Web page caption snippets:
--- START ---

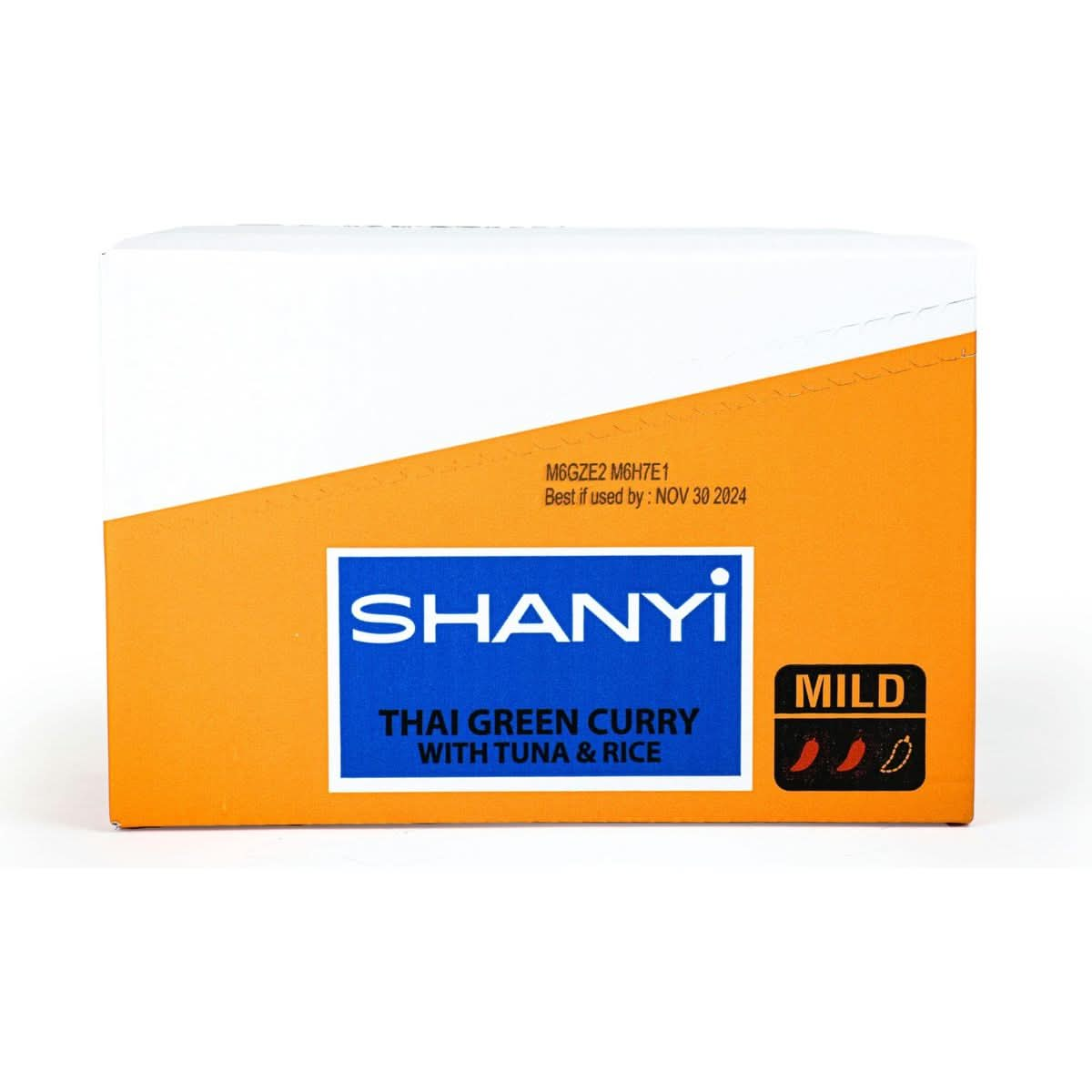 ShanYi Instant Microwave Meals Thai Green Curry with Tuna and Jasmine Rice 250g88oz Case of 6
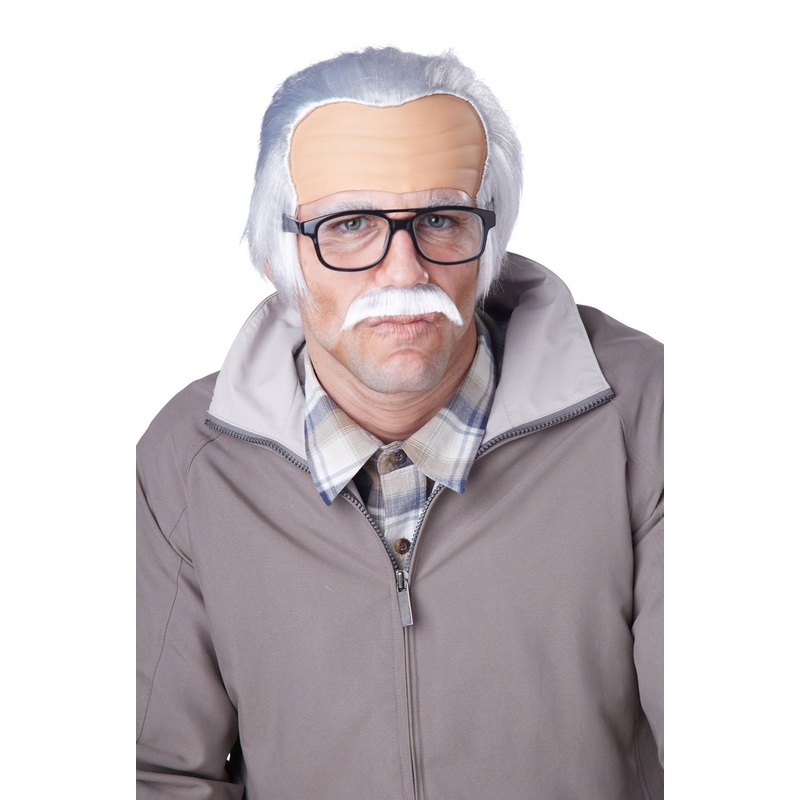 Rude Grandpa Wig Standard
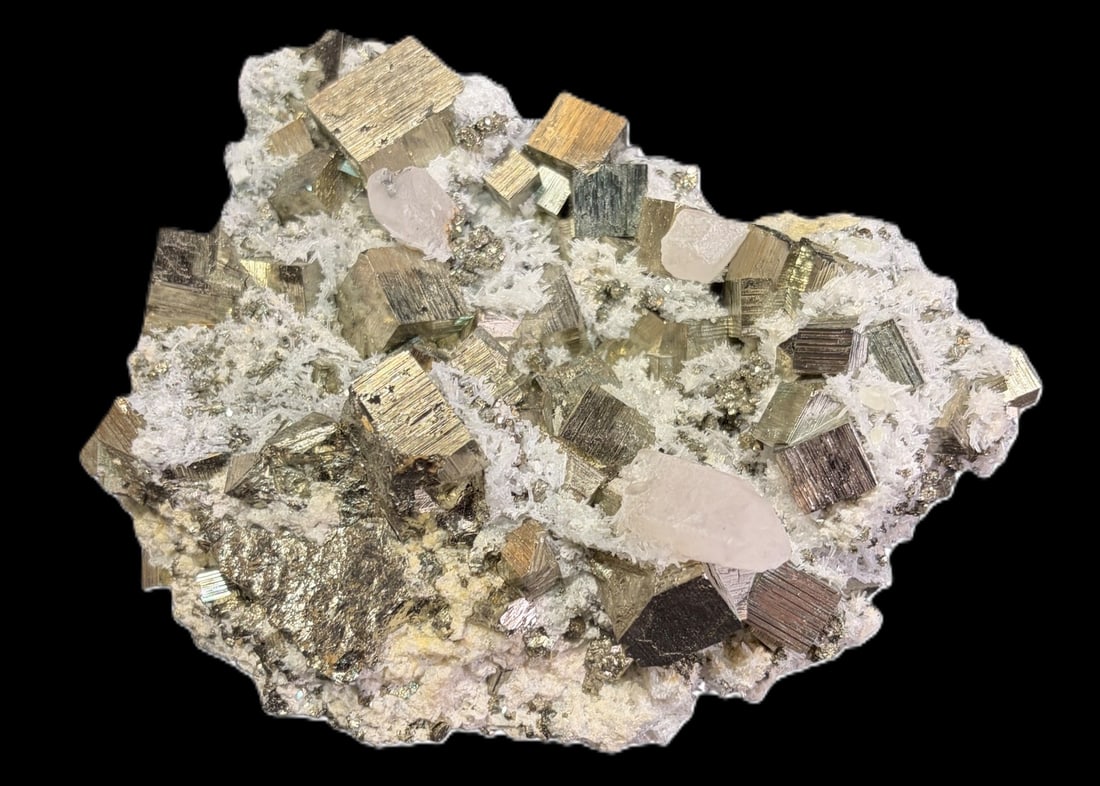 PYRITE WITH CALCITE - 4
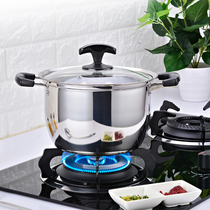 Pot for cooking porridge stainless steel household antimony pot boiling bottle pot cooking panties sterilization small lady cooking dumplings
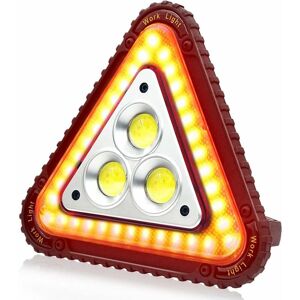 Langray - Portable led Signaling Triangle, Portable led Work Light, usb Rechargeable, Triangle 4 Modes cob Floodlight Car Repair 30W Flood Light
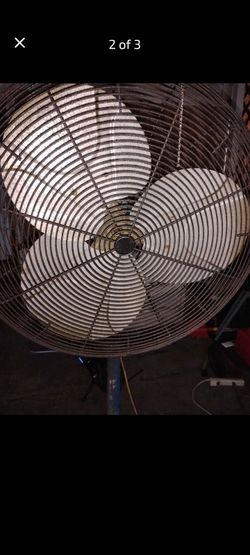 steel frame heavy duty metal fan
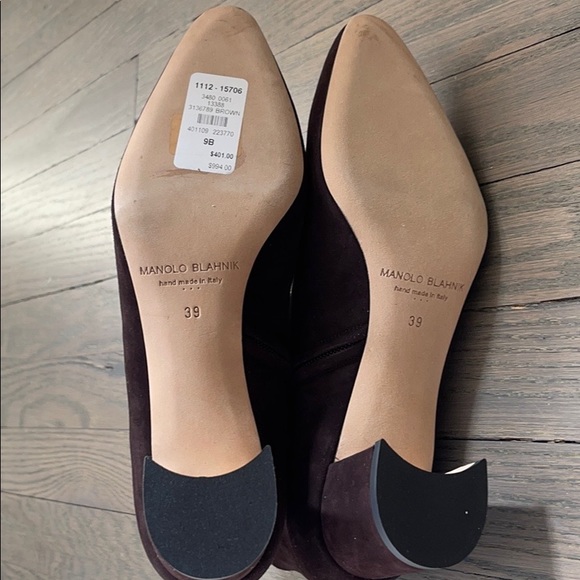Manolo Blahnik Brown Suede Boots - Picture 3 of 4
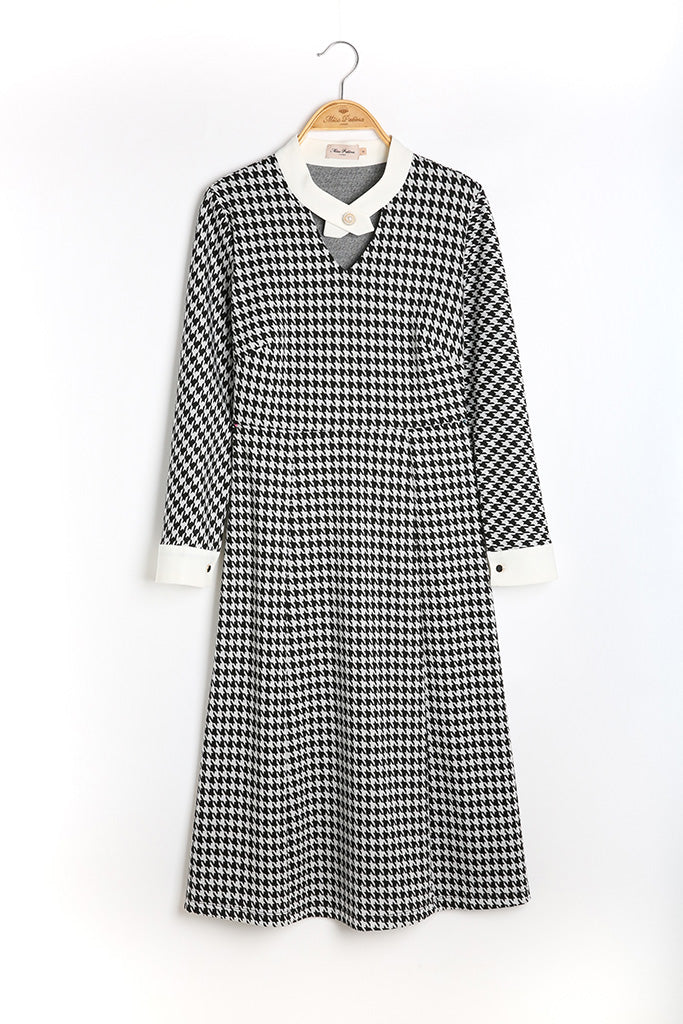 Windsor Houndstooth Dress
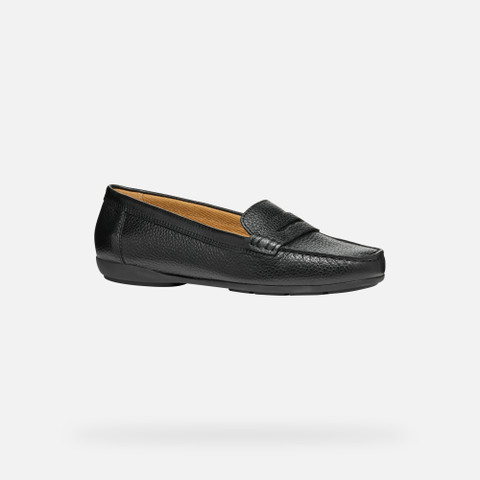 leather loafers ANNYTAH MOC WOMAN Black - image number 3 | GEOX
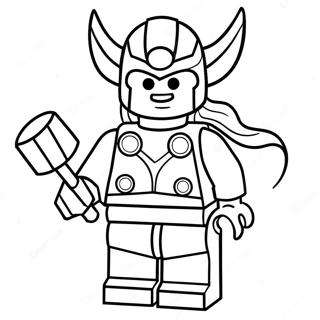 Pagina Para Colorir Lego Thor Com Martelo 64531-53356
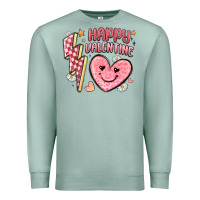 Seafoam happy valentine heart Premium Sweatshirt - MaliasSmallBusiness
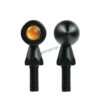 HJG Bullet Shape Turn Signal Lights Indicator Universal for All Bikes Models Turn Signal Lights Motorcycle, Pack of 2pc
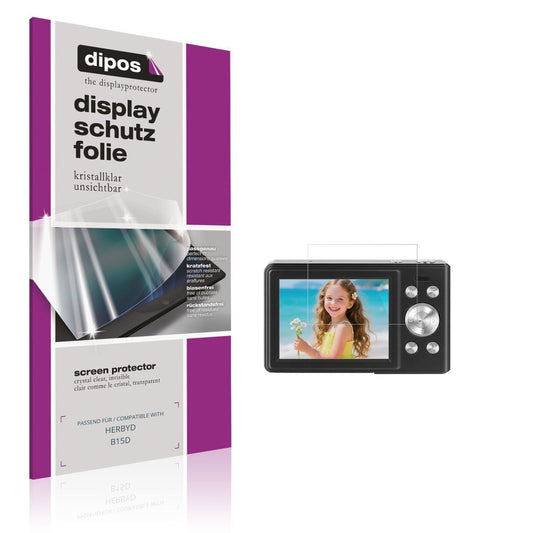4x Schutzfolie klar für HERBYD B15D Display-Schutz (1)
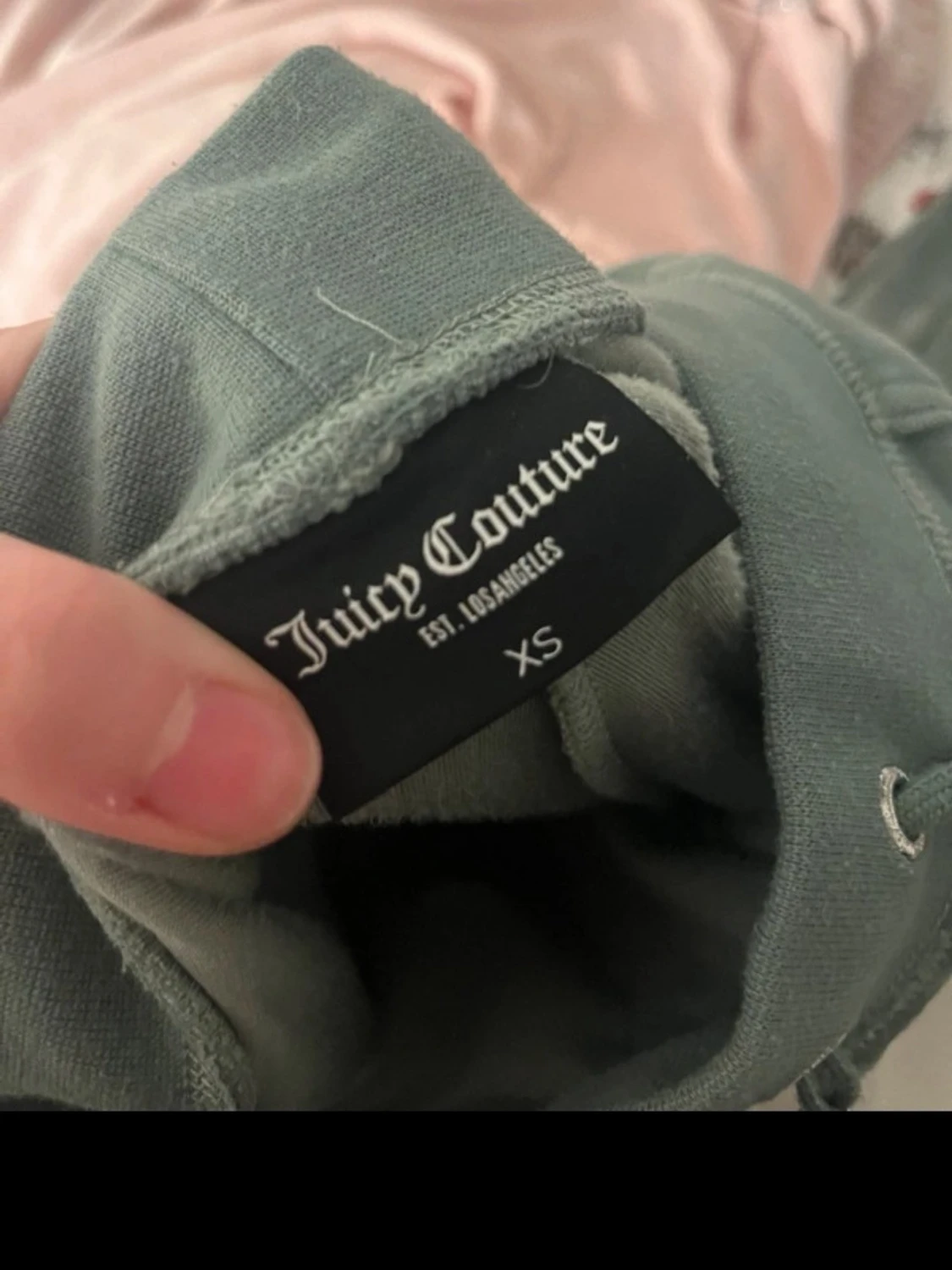 Grå velourbyxor från Juicy Couture - 4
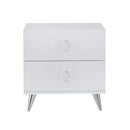 Acme Furniture Elms 97334 Accent Table - White IMAGE 3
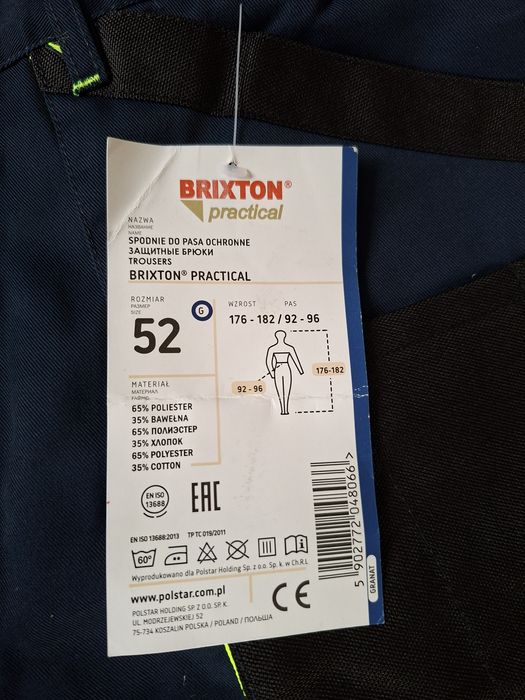 Spodnie Brixton Practical (rozmiar 52)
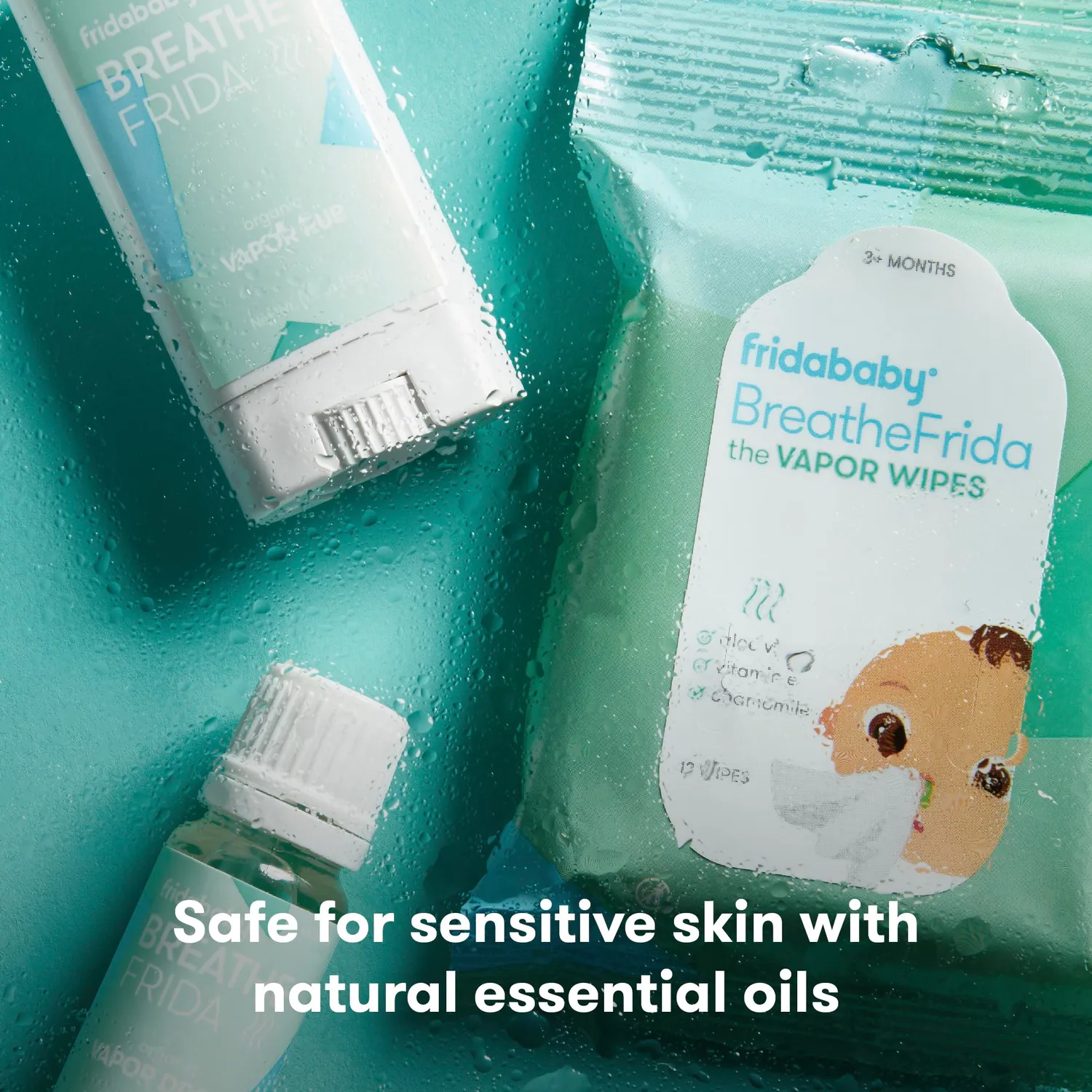 Frida Baby Breathe Easy Kit Schnupfen-Set 3-teilig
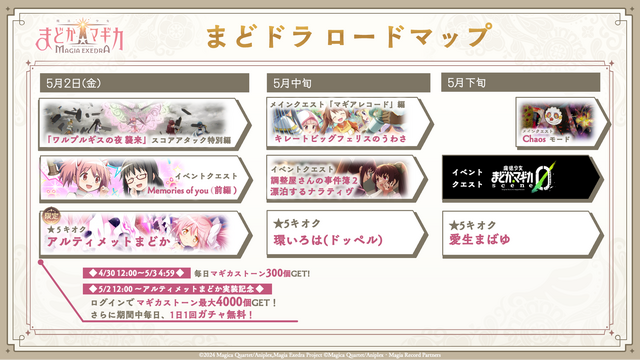 待望の“アルティメットまどか”実装へ！『まどマギ Magia Exedra』新☆5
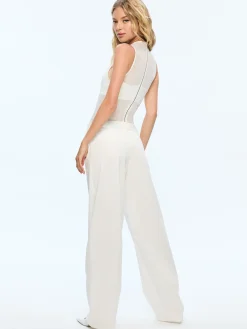 Alice and Olivia BODYSUITS*NICHOL BODYSUIT BLACK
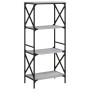 Librería 4 estantes madera ingeniería gris Sonoma 59x35x132 cm de , Librerías y estanterías - Ref: Foro24-837620, Precio: 57,...
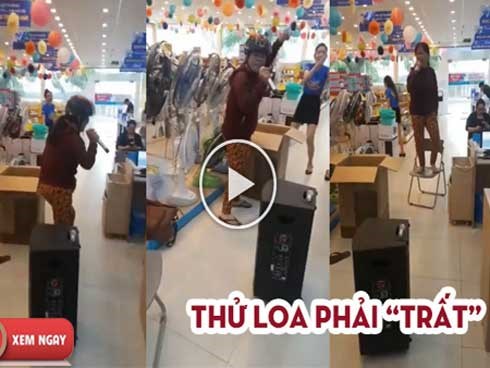 Chỉ là thử loa thôi, có cần sôi động thế này không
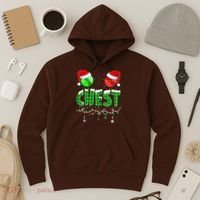 Chestnuts Matching Family Funny Chest Nuts Christmas Couples Hoodie thumb 3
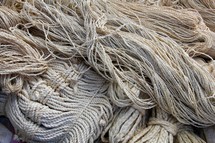 rope and tan yarn 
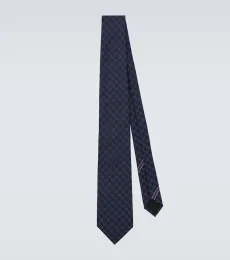 Corbata de sarga de seda con GG Corbata de sarga de seda con GG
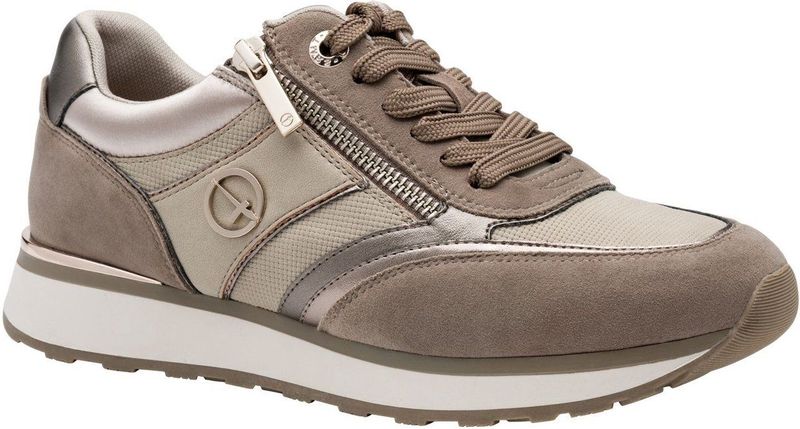 Tamaris - Dames Sneaker - Taupe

--- END ---

What is needed: In your reply, please set down exactly the lines from the one containing "Windsor Houndstooth Dress" through the end of the records, with the pictures left out.

Answer box:
 Windsor Houndstooth Dress
 leather loafers ANNYTAH MOC WOMAN Black - image number 3 | GEOX
 Pagina Para Colorir Lego Thor Com Martelo 64531-53356
 Seafoam happy valentine heart Premium Sweatshirt - MaliasSmallBusiness
 HJG Bullet Shape Turn Signal Lights Indicator Universal for All Bikes Models Turn Signal Lights Motorcycle, Pack of 2pc
4x Schutzfolie klar für HERBYD B15D Display-Schutz (1)
 Grå velourbyxor från Juicy Couture - 4
 Acme Furniture Elms 97334 Accent Table - White IMAGE 3
 Spodnie Brixton Practical (rozmiar 52)
 Frida Baby Breathe Easy Kit Schnupfen-Set 3-teilig
 待望の“アルティメットまどか”実装へ！『まどマギ Magia Exedra』新☆5
 Alice and Olivia BODYSUITS*NICHOL BODYSUIT BLACK
 Librería 4 estantes madera ingeniería gris Sonoma 59x35x132 cm de , Librerías y estanterías - Ref: Foro24-837620, Precio: 57,...
 Chỉ là thử loa thôi, có cần sôi động thế này không
 Chestnuts Matching Family Funny Chest Nuts Christmas Couples Hoodie thumb 3
 rope and tan yarn 
 Corbata de sarga de seda con GG Corbata de sarga de seda con GG
 Tamaris - Dames Sneaker - Taupe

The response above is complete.